MUSÉE DU QUAI BRANLY JACQUES CHIRAC – PICASSO PRMITIF – EX¨POSITION ET
CATALOGUE – FLAMMARION – 2017
Voilà donc une
exposition capitale si l’on veut comprendre Picasso (1881-1973), malgré le
terme « primitif » qui est une absurdité coloniale transférée d’en un
temps où le colonialisme sévissait en maître d’un crime contre l’humanité
jamais reconnu, et dont les dommages sont hélas irréparables. Il est tout à
fait évident que le français a besoin d’un mot qui signifie ce que le mot
anglais « primeval » signifie et ce n’est pas « primitif ».
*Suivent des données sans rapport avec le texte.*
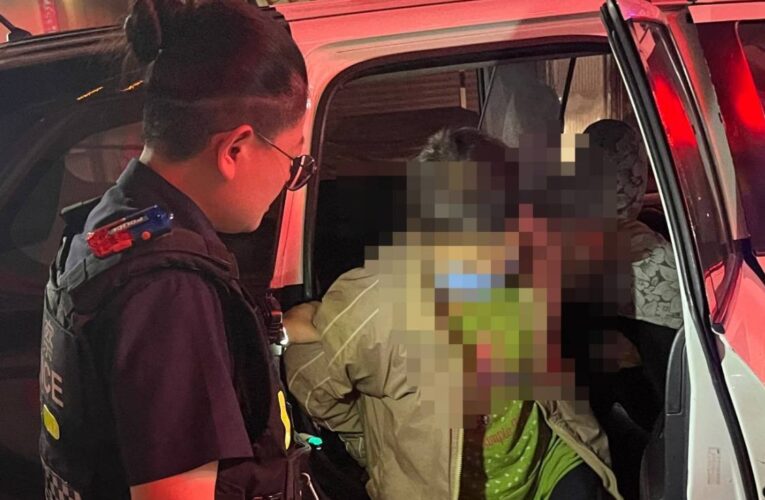 違規攔查變救援！警深夜火速載病婦送醫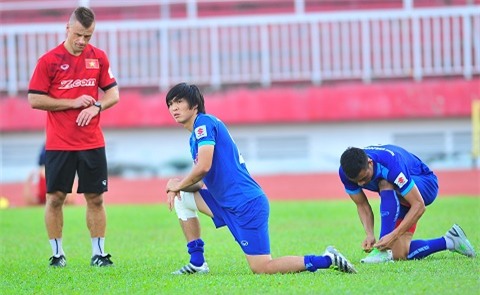 Tuan Anh dang phai chua tri chan thuong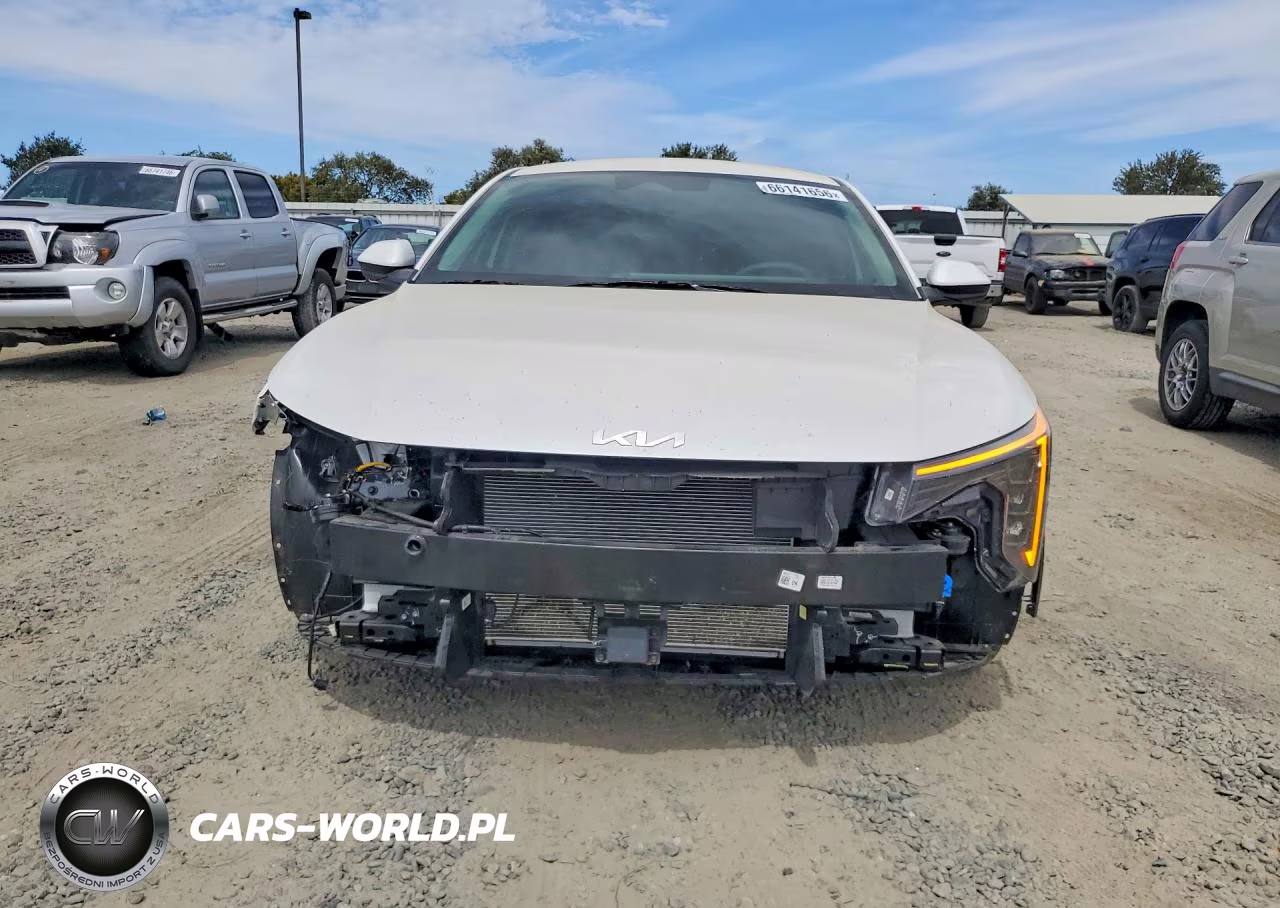 2025 Kia K4 Lxs VIN:3KPFT4DE9SE160998 - 5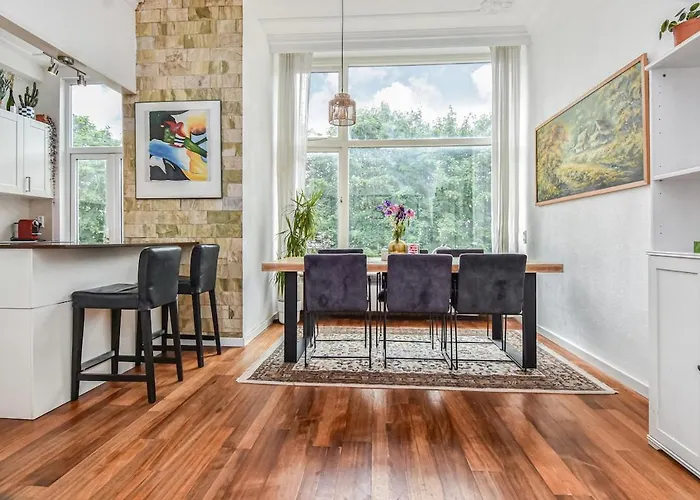 House Close To & Nature Neighbourhood Lägenhet Haag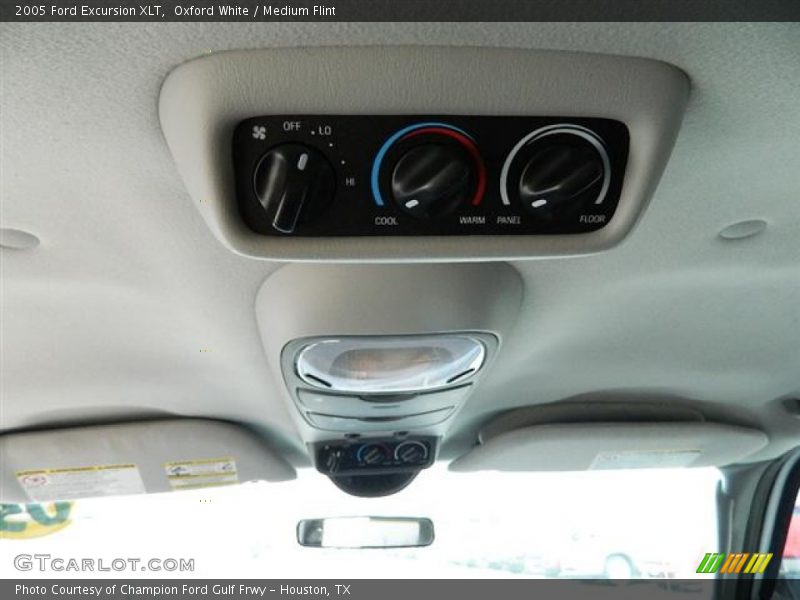 Oxford White / Medium Flint 2005 Ford Excursion XLT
Picasso nous aide à comprendre que ces arts des civilisations africaines et
océaniennes ne sont justement pas primitifs mais touchent aux racines humaines
les plus profondes d’Homo Sapiens, celles de notre émergence de la sphère
animale et de notre entrée/invention dans la sphère humaine. Ces acines sont
les nôtres, et c’est bien pour cela que Picasso nous parle sans le moindre
intermédiaire de traduction, d’adaptation, d’explication. Le mot primitif est
mauvais car il s’agit ici de la confrontation aux et de la médiation des forces
vitales, mentales et spirituelles qui se construisent dans chacun de nous quand
on est face-à-face à une force de la nature, que ce soit un orage, un abîme, un
incendie ou un accident (naturel ou de la circulation). Nous ne réagissons pas
différemment de quelque Homo Sapiens que ce soit, Cro-Magnon ou Inca, Gravettien
ou Maya, Papou ou Amazonien, Européen ou Asiatique. Ces réactions humaines sont
primordiales à la vie mais en rien primitives. Picasso n’est PAS primitif et
les arts africains et océaniens qu’il rencontre sont pour lui la découverte
primordiale de l’homme face à son destin naturel ou historique, et l’histoire
humaine a commencé il y a au moins trois cent mille ans par l’invention de la
langue articulée que seul Homo Sapiens a su inventer et développer. Les
peintures de Cro-Magnon, les sculptures de Gobekli Tepe ou les masques
africains et océaniens sont la même réalisation du choc-défi de l’homme face à
sa nécessité de survivre par la conceptualisation spirituelle et artistique qui
lui donne pouvoir sur le monde qu’il s’approprie.
Malgré cette erreur de
lexique cette exposition est fondamentale.
Mais les
organisateurs feraient bien d’apprendre l’anglais (notons que la plupart des
artefacts et des citations ne sont pas traduites. Cependant il en est une qui
l’est, à l’entrée même de l’exposition. J’ai moi-même donné la nécessaire
explication à trois visiteurs étrangers qui s’étonnaient de l’emploi en anglais
du N-word « negro » pour traduire bien sûr le terme français
« nègre ». Traduction linéaire à la Google. On peut faire mieux car
c’est une traduction erronée.
Le terme
« nègre » en français, qui plus est parmi les artistes de Paris, de
France et d’Europe, d’expression française, mais aussi ceux d’expression
allemande et quelques autres langues de 1890 à 1930, ne saurait avoir le sens
négatif que le terme américain « negro » a toujours – en plus souvent
réduit par les accents du sud à « nigger » – je dis bien les deux –
et ce depuis le premier jour aux USA et même avant dans les colonies anglaises,
le sens d’un terme de rejet de l’humanité soit comme animal noir, soit comme
esclave, les deux allant de paire. Ces deux termes correspondent en valeur au
terme français de « sale nègre ». On pourrait d’ailleurs demander à
Schwarzenegger l’origine de son nom qui signifie en allemand « nègre
noir », un pléonasme intéressant. Ceci bien sûr doit gêner les étrangers
qui utilisent la langue anglaise, principalement dans son emploi américain
comme intermédiaire des nombreuses citations françaises non traduites sauf pour
celle de l’ouverture de l’exposition. Mentalement, et en ceci incités par cette
citation d’ouverture et sa traduction, ils établissent l’équivalence erronée
« nègre » = « negro ». Une mention spéciale était
nécessaire à l’entrée pour bien préciser que le terme « nègre » ne
saurait avoir un sens négatif dans les citations de l’entier de l’exposition.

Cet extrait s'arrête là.